Your instructions: Your answer should repeat every line of the records below in which the word "Casual" appears.

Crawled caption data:

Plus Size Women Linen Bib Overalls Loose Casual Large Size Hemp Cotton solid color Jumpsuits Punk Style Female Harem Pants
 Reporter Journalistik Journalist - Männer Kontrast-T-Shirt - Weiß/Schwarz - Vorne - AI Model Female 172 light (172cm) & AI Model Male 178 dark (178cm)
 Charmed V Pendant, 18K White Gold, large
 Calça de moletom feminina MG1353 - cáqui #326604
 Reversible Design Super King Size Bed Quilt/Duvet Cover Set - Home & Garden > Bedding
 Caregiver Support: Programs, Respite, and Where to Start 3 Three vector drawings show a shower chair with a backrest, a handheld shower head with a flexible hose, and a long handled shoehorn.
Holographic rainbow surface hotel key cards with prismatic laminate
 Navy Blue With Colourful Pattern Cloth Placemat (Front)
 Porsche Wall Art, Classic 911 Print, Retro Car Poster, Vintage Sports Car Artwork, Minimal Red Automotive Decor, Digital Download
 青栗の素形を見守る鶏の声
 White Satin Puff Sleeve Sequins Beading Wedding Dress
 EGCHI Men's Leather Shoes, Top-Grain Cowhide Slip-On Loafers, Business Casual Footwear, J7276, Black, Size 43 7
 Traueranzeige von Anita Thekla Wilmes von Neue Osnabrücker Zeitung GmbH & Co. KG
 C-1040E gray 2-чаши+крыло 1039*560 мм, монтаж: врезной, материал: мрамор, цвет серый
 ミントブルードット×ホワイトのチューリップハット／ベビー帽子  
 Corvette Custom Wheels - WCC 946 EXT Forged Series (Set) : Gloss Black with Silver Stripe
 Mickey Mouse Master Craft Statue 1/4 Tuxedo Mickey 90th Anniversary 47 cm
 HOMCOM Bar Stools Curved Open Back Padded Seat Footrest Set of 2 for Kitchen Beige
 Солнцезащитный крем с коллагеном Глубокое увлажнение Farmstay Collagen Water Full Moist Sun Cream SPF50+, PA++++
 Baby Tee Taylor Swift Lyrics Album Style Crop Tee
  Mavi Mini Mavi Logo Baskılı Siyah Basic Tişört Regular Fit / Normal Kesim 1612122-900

Final answer:
Plus Size Women Linen Bib Overalls Loose Casual Large Size Hemp Cotton solid color Jumpsuits Punk Style Female Harem Pants
 EGCHI Men's Leather Shoes, Top-Grain Cowhide Slip-On Loafers, Business Casual Footwear, J7276, Black, Size 43 7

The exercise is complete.